Solr and Lucene

Started Learning Solr recently. Here are some of the key points(from here):

  • Solr is an open source enterprise search server based on the Lucene Java search library, with XML/HTTP APIs, caching, replication, and a web administration interface.
  • Its a Information Retrieval Application.
  • Index/Query Via HTTP
  • Scalability – Efficient Replication To Other Solr Search Servers
  • Highly Configurable And User Extensible Caching

Solr Configuration:

  • schema.xml: Where the data is described
  • solrconfig.xml: Where it is decribed how people can interact with the data

Loading Data:

  • Documents can be added, deleted or replaced.
  • Message Transport: HTTP POST
  • Message Format: XML
  • Example:

<add><doc>
<field name=”id”>SOLR</field>
<field name=”name”>Apache Solr</field></doc></add>

Querying Data:

  • Transport Protocol: HTTP GET
  • Example:

http://solr/select?q=electronics

schema.xml:

Decides option for various fields.

  • Is it a number? A string?
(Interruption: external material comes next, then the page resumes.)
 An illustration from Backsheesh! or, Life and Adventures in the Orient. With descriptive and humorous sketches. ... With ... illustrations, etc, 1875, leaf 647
A date?
●Is there a default value for documents that don’t have one?
  • Is it created by combining the values of other fields?
  • Is it stored for retrieval?
  • Is it indexed? If so is it parsed? If so how?
  • Is it a unique identifier?

Fields:

  • <field>Describes How You Deal With Specific Named Fields
  • Example:

<field name=”title” type=”text” stored=”false” />

Field Type:

  • The Underlying Storage Class (FieldType)
  • The Analyzer To Use Or Parsing If It Is A Text Field
  • Example:

<fieldType name=”sfloat” sortMissingLast=”true” omitNorms=”true” />

Analyzer:

  • ‘Analyzer’ Is A Core Lucene Class For Parsing Text
  • Example:

<fieldType name=”text_greek” class=”solr.TextField>
<analyzer class=”org.apache.lucene.analysis.el.GreekAnalyzer”/>
</fieldType>

Tokenizers And TokenFilters:

  • Analyzers Are Typical Comprised Of Tokenizers And TokenFilters
  • Tokenizer: Controls How Your Text Is Tokenized
  • TokenFilter: Mutates And Manipulates The Stream Of Tokens
  • Solr Lets You Mix And Match Tokenizers and TokenFilters In Your schema.xml To Define Analyzers On The Fly
  • Example:

<fieldType name=”text” class=”solr.TextField”> <analyzer type=”index”>
<tokenizer class=”solr.WhitespaceTokenizerFactory”/>
</analyzer>
<analyzer type=”query”>
<tokenizer class=”solr.WhitespaceTokenizerFactory”/>
<filter class=”solr.SynonymFilterFactory” synonyms=”synonyms.txt” expand=”true”/>
</analyzer>

solrconfig.xml:

This is where you configure options for how this Solr instance should behave.Low-Level Index Settings

  • Performance Settings (Cache Sizes, etc…)
  • Types of Updates Allowed
  • Types of Queries Allowed

Note:    
● solrconfig.xml depends on schema.xml.
   ● schema.xml does not depend on solrconfig.xml.